Geophysical ‘CAT scans’
In the mid-1990s, however, seismologists—studying how seismic waves generated by large earthquakes propagated in the mantle—made a startling discovery. Using a technique called seismic tomography—the geophysical analogue of a medical CAT scan—they were able to map variations in the speed of the seismic waves traveling through the mantle. We can infer temperature variations in the mantle from this, because seismic waves travel more slowly through hotter regions and faster through colder regions.
The seismic tomographic images showed that in some cases, cold tectonic plates sink only to depths of about 600 to 700 kilometers—near the base of the upper mantle. In other cases, they sink more than halfway into the lower mantle. These results clearly show that the density contrast (of lighter and denser rocks) at the base of the upper mantle is not a barrier to mixing between the upper and lower mantle.
How can we then explain the evidence for distinct reservoirs in the mantle? In other words, why isn’t our mantle soup well mixed?
This vexing question is unresolved. Some scientists have proposed that there are “unstirred” blobs of material floating in the mantle that have persisted throughout most of geologic history. Others have suggested that a dense, poorly mixed region exists in the lower 1,000 kilometers of the mantle. This region is chemically distinct and rich in heat-producing elements, and it generates flow into “hotspot” areas.

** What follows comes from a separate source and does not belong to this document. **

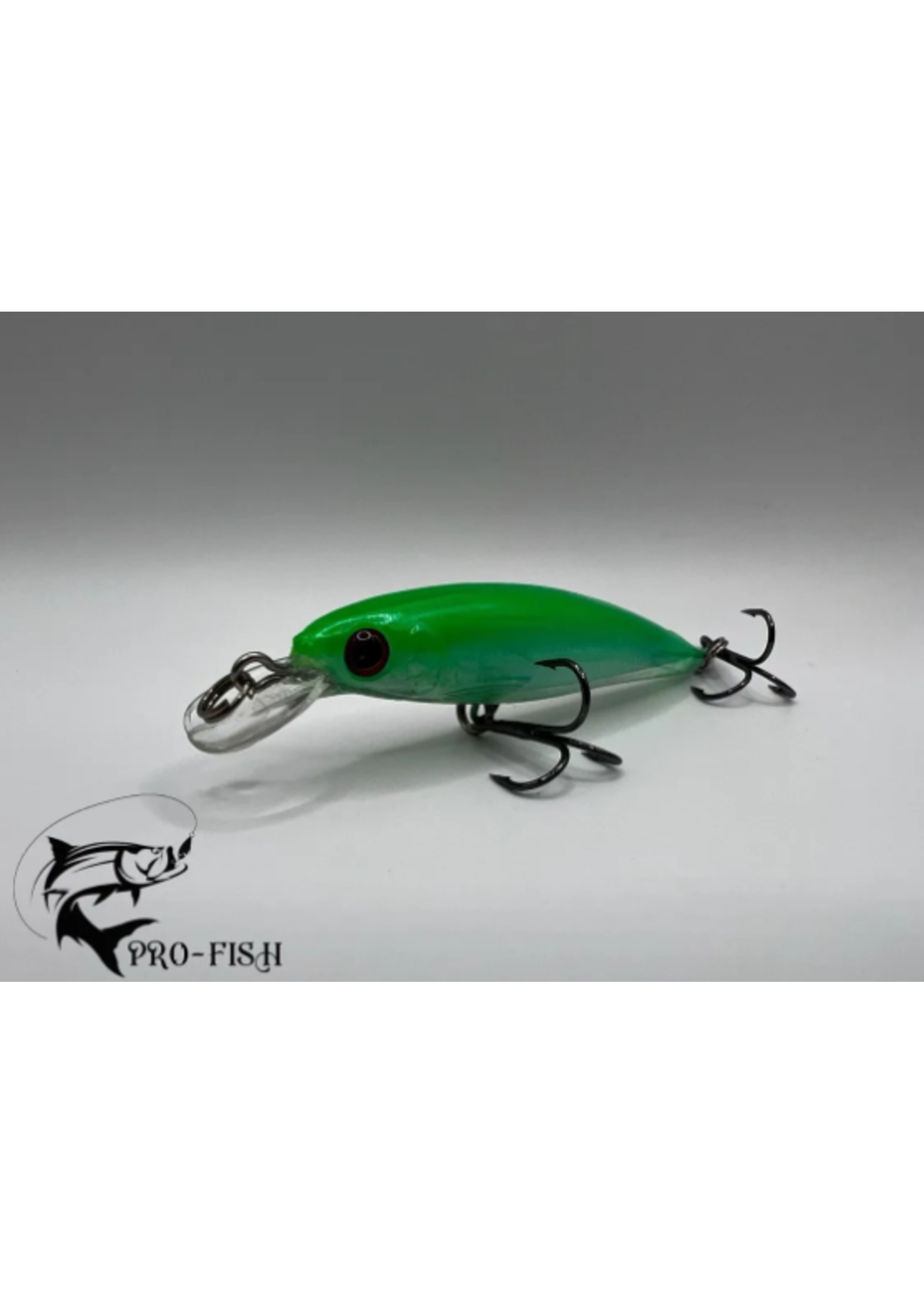 Pro Fish Big Eye Jerkbait - Green Back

Other unanswered questions
There are other puzzling questions about how the mantle convection engine works. For example, seismic tomography studies of the shallow mantle beneath oceanic spreading centers reveal a broad region of slow seismic velocities. This suggests the presence of partially melted material across an area of several hundred kilometers. Yet volcanic activity at mid-ocean ridges occurs over remarkably narrow zones just a few kilometers wide. We don’t know how melting produced over such a broad region in the mantle can be focused into such a narrow zone of eruptive activity at the seafloor.
Another major debate centers around the origin of hotspot volcanic centers such as Hawaii and Iceland. Some researchers argue that hotspots are caused by rising plumes of hot mantle material originating in the “unstirred” reservoir just above the earth’s core. Others think that processes occurring in the uppermost mantle cause some hotspots. Answering such questions will require the integration of data from seismology, geochemistry, and mineral physics with fluid-dynamical modeling of mantle convection.
New tools to look into the earth
This is a particularly exciting time for studies of the oceanic upper mantle. Advances in ocean-bottom seismic instrumentation now make it possible to record high-quality, seismic data from earthquakes at sites over the two-thirds of the planet covered by water.
Advances in geochemical and petrological studies over the past decade, including new analytical and sampling techniques, are defining important new limits on the mantle conditions that produce melting.
And in recent years we’ve seen tremendous increases in the affordability and speed of computer systems, improved numerical techniques, and a growing understanding of the complex processes of melting and viscous flow.
These advances are allowing the development of the first global-scale, self-consistent, three-dimensional models of mantle convection that can explain our surface observations of tectonic plate motions, gravity and topography. These studies will lead to much more complete understanding of mantle convection.
Like the auto mechanic at your local garage, we are finally “lifting the hood” to view Earth’s engine and the forces that drive changes on the face of the earth.